We shall prove that $$\sum_{k=1}^{n+1} k^3 = 1^3 +2^3 +\ldots +n^3 +(n+1)^3 =\frac{(n+1)^2 (n+2)^2}{4},$$ by assuming that $$\sum_{k=1}^n k^3 = 1^3 +2^3 +\ldots +n^3 =\frac{n^2 (n+1)^2}{4}.$$ From the induction supposition, we have to prove that $$\frac{n^2 (n+1)^2}{4} +(n+1)^3 = \frac{(n+1)^2 (n+2)^2}{4},$$ or $$(n+1)^3 = \frac{(n+1)^2 (n+2)^2}{4} -\frac{n^2 (n+1)^2}{4} = \frac{(n+1)^2}{4} ((n+2)^2 -n^2) = (n+1)^3.$$

Answer 5

Well you have:

$$1^3+\ldots+n^3=\frac{n^2(n+1)^2}{4} $$

You can prove it easily by induction.

Edit : One can prove the formula arranging squares thusly :

For any $0\leq k\leq n$, you can arrange $4\times k$ squares of $k$ by $k$ so that they form a square of $n\times (n+1)$.
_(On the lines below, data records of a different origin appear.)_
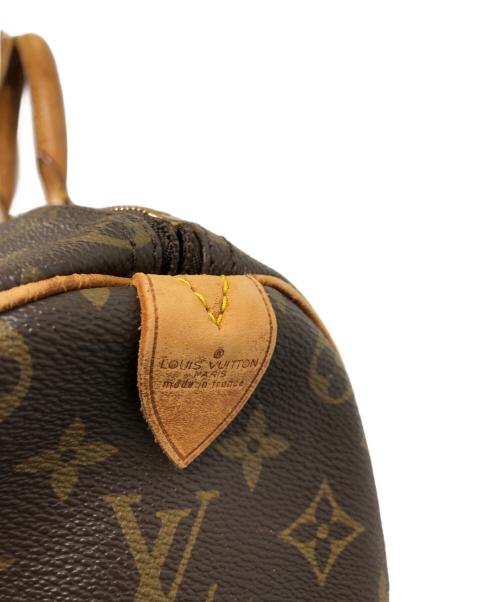 LOUIS VUITTON（ルイ ヴィトン）LOUIS VUITTON (ルイ ヴィトン) キーポル50 ブラウンの古着・服飾アイテム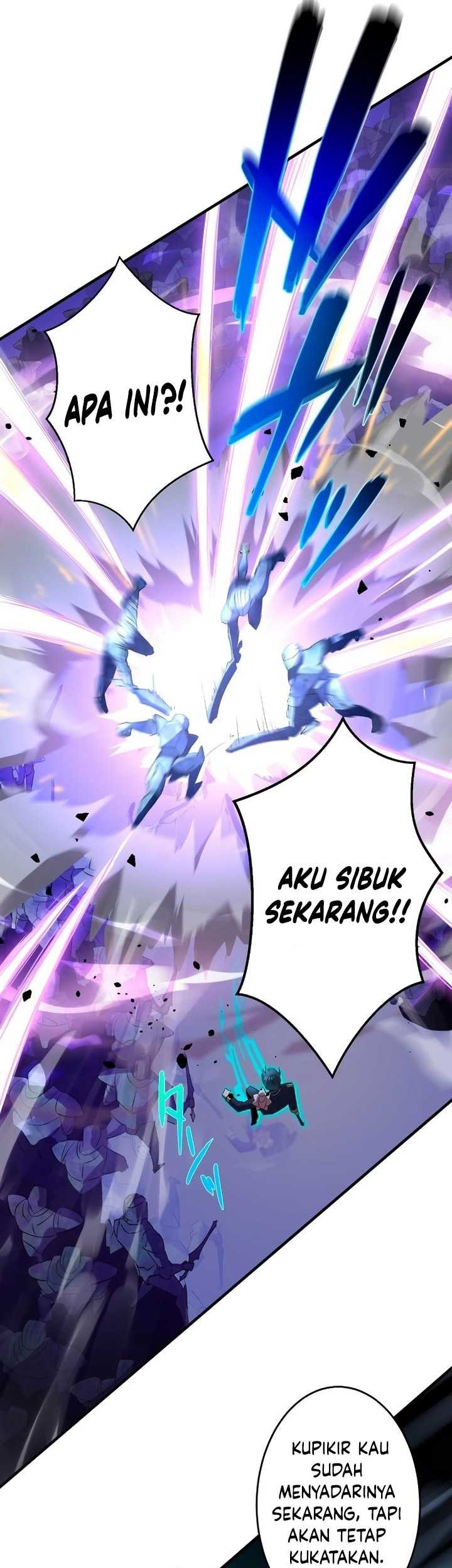 Zero: Beyond the Future with Space-Time Magic Bab 13 halaman 30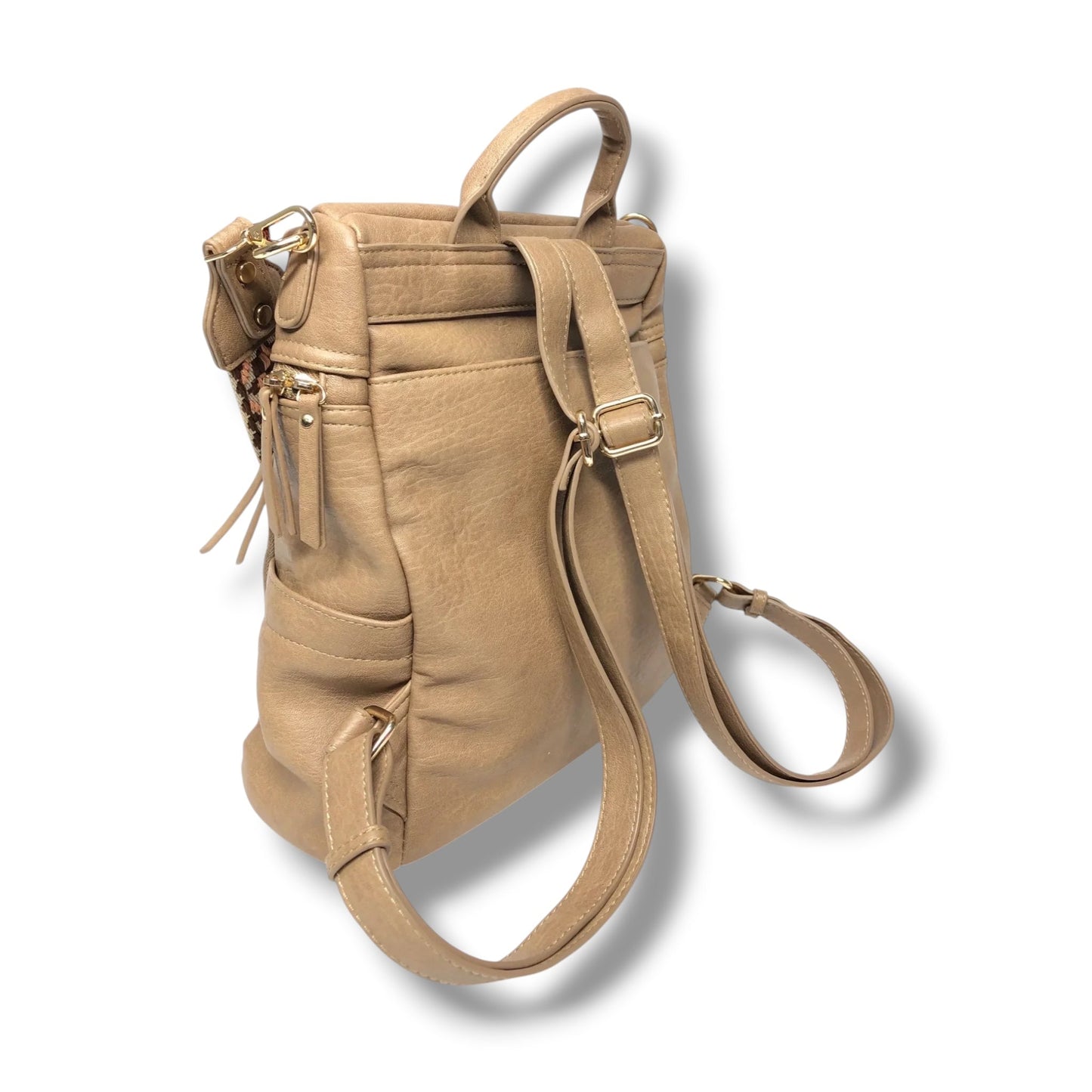 Backpack By Antik Batik, Size: Medium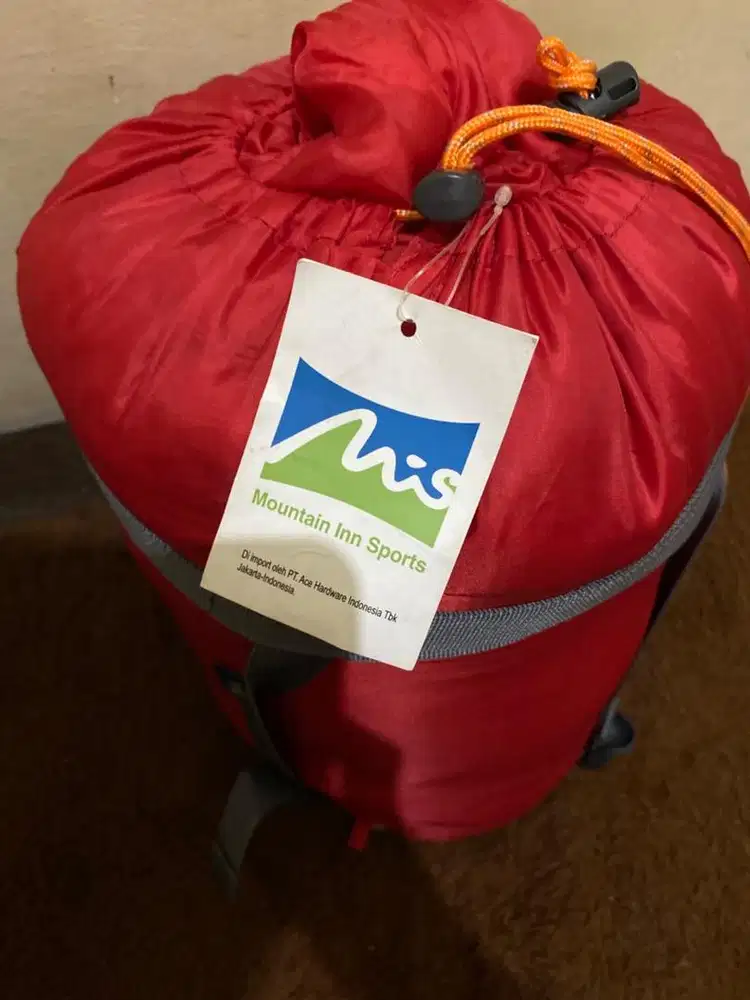Sleeping bag mountain inn sports
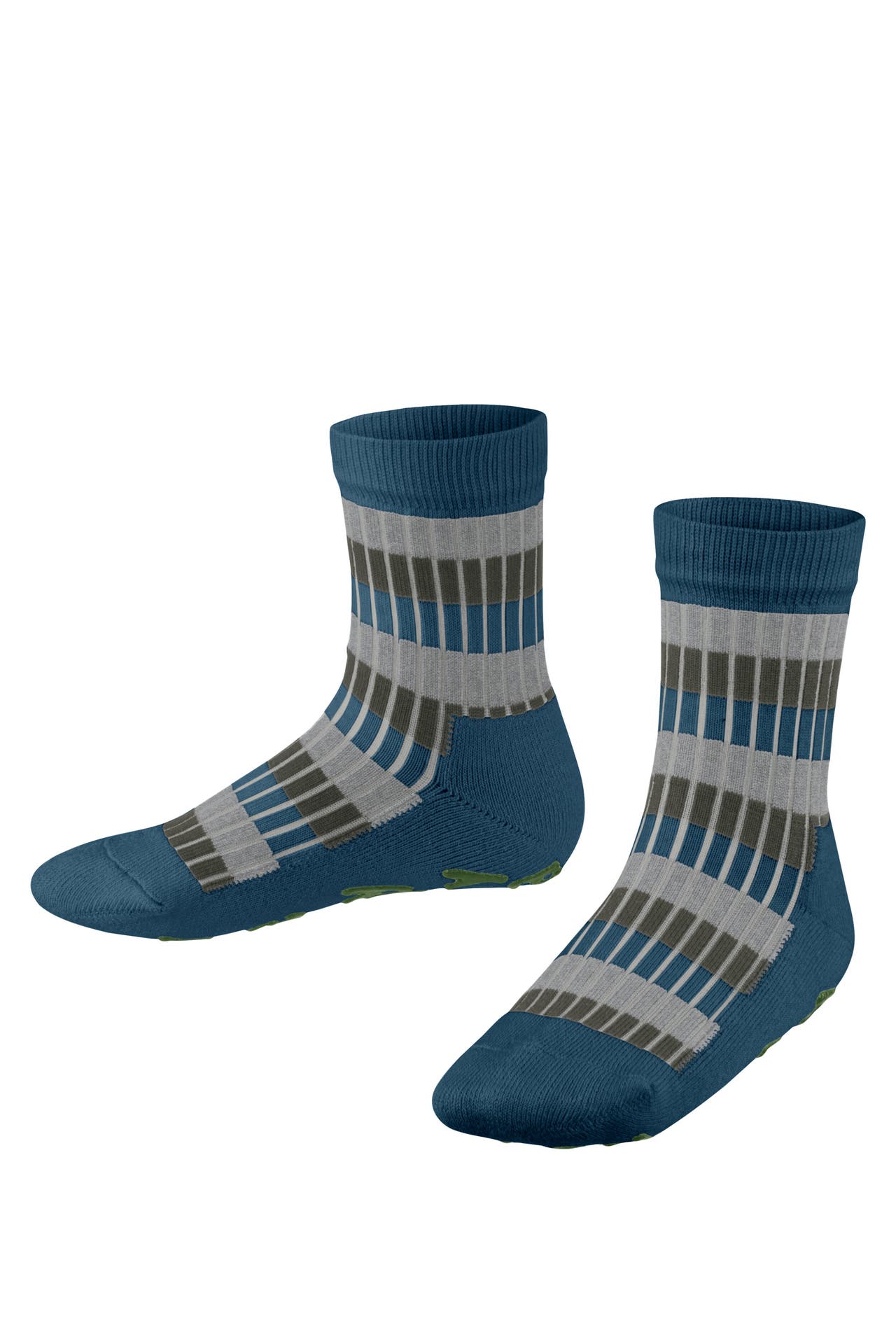 ESPRIT Socken Multi Stripe Rib, Bild 1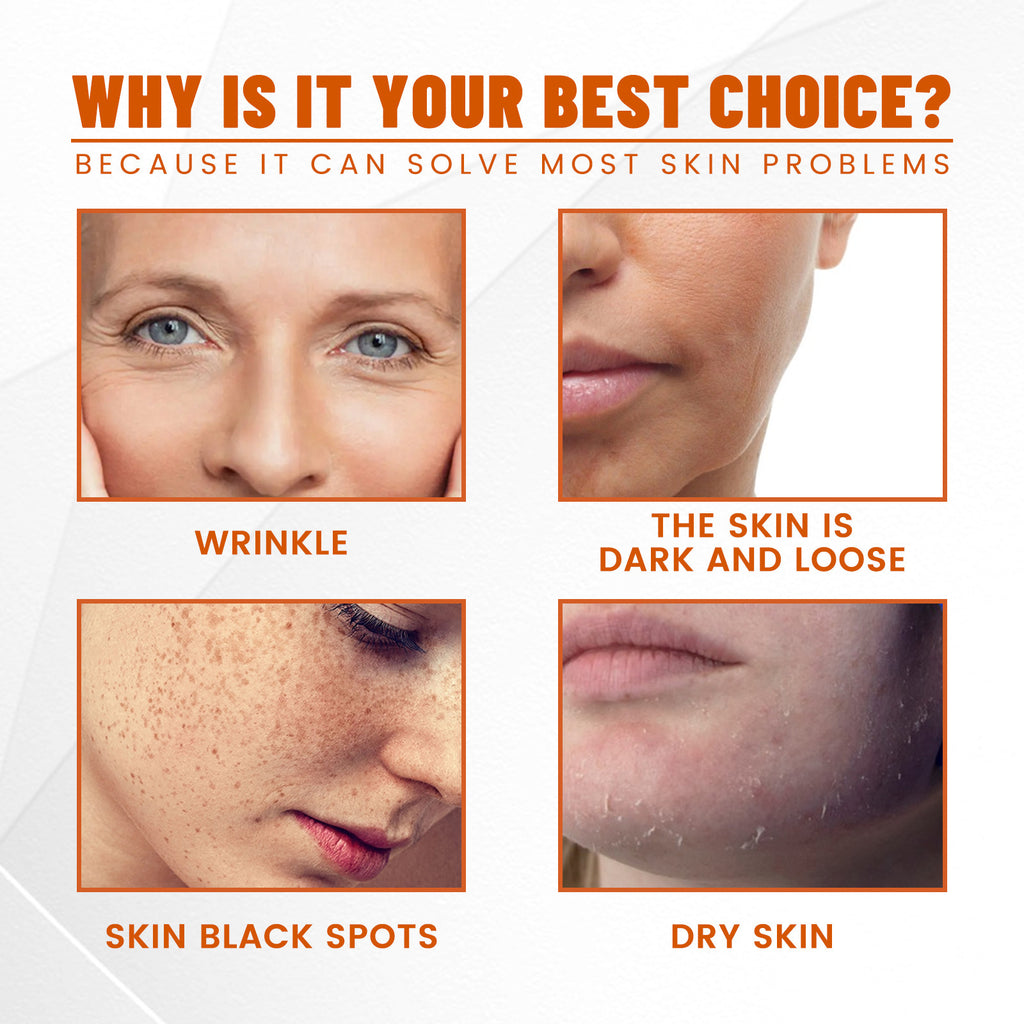 Collagen Anti Aging Facial Mask Spray To Remove Dullness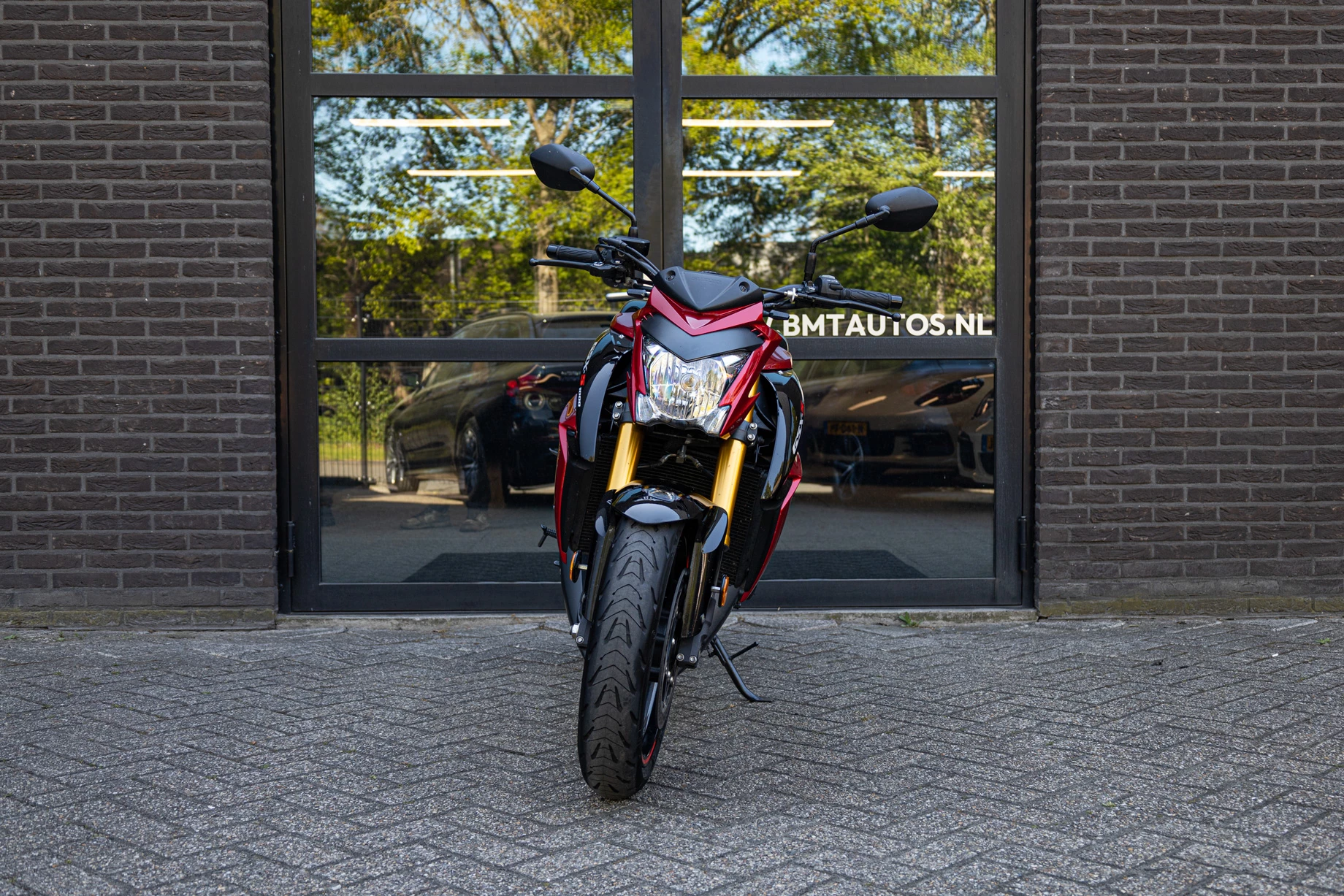 Hoofdafbeelding Suzuki GSX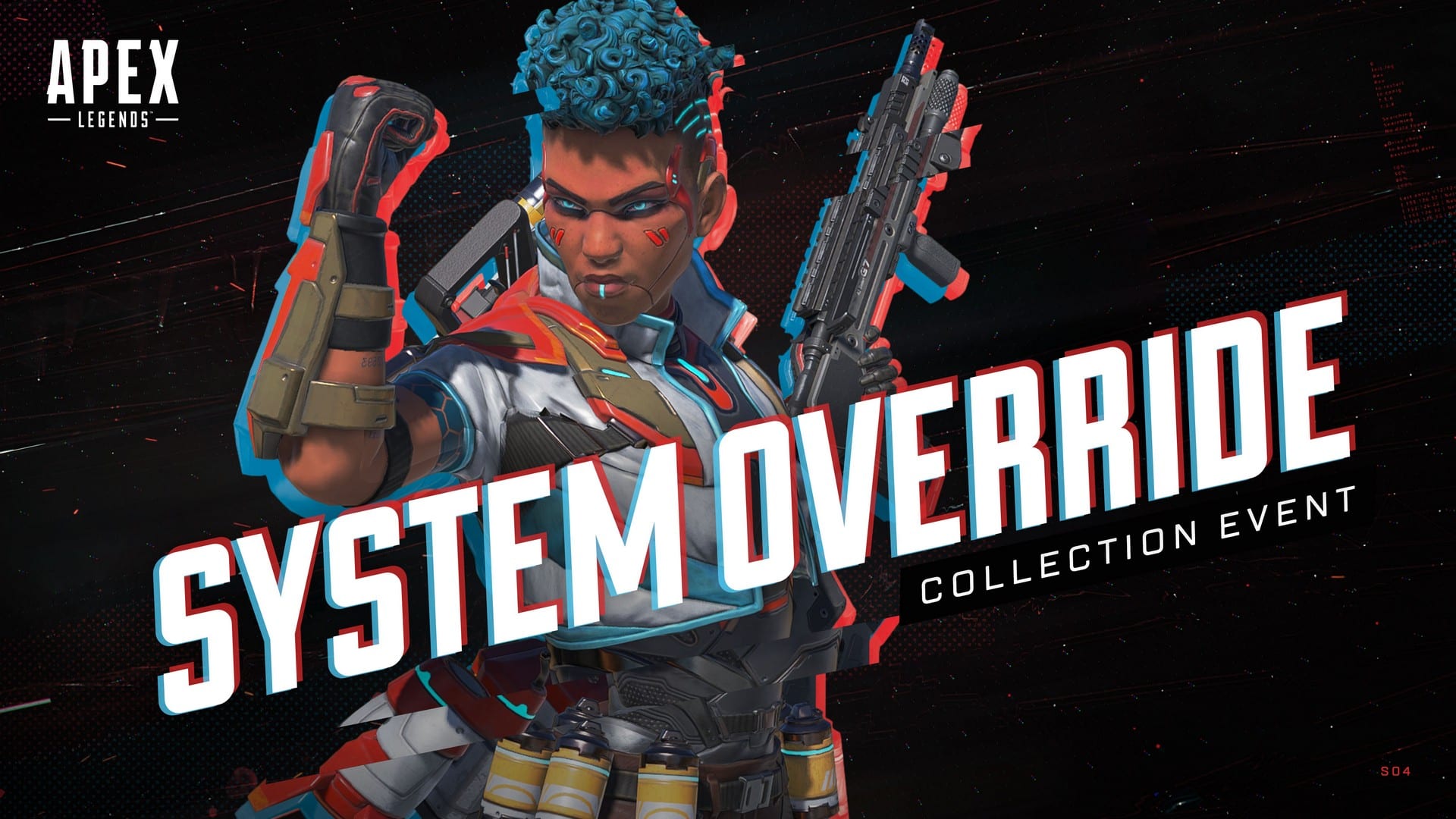 Apex Legends System Override Collection Event Revealed – March 3-17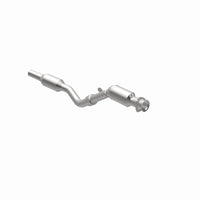 MagnaFlow Direct Fit Catalytic Converter 04-09 Audi S4 4.2L PS MT OE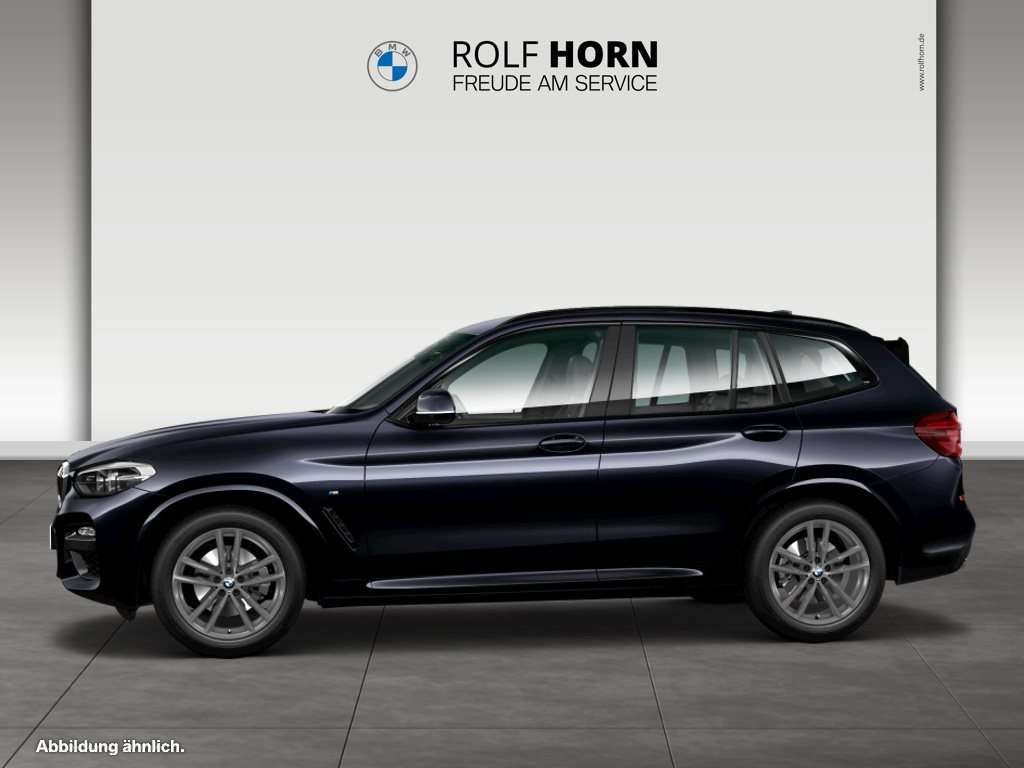 Fahrzeugbild eines BMW X3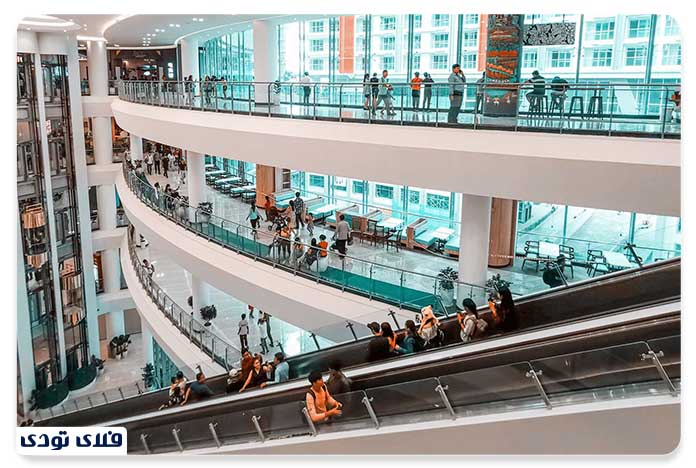 سفر به کامبوج مراکز خرید مهم کامبوج
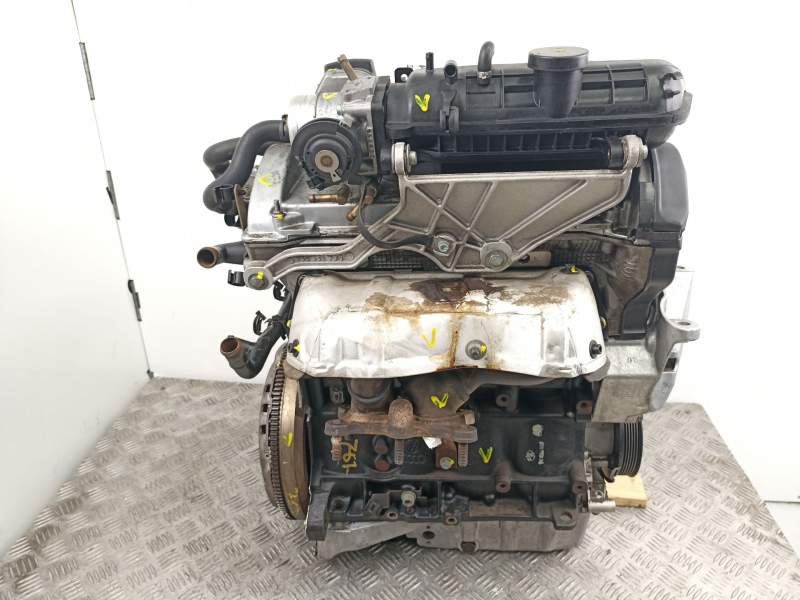 Recambio de motor gasolina para audi a3 (8l) 1.8 ambiente referencia OEM IAM AGN 185319 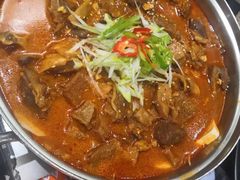 辛牛骨火锅-KCOOKING概念韩餐(世茂52+店)
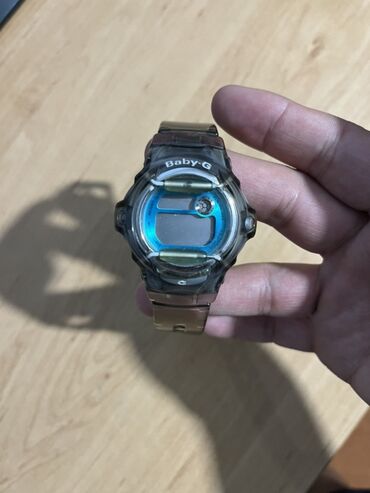 часы с бабочкой: Классические часы часы, Casio, Пластик, Женские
Now your proposition could not work without even knowing the formula for the following reason:

$$\frac{n^3+(n+1)^3}{2}\text{ is equivalent to } n^3$$

Whereas I claim that:

$$\int_0^{n}x^3dx \leq \sum_{k=1}^nk^3\leq \int_0^{n+1}x^3dx$$

From which it follows that:

$$\sum_{k=1}^nk^3\text{ is equivalent to } \frac{n^4}{4}$$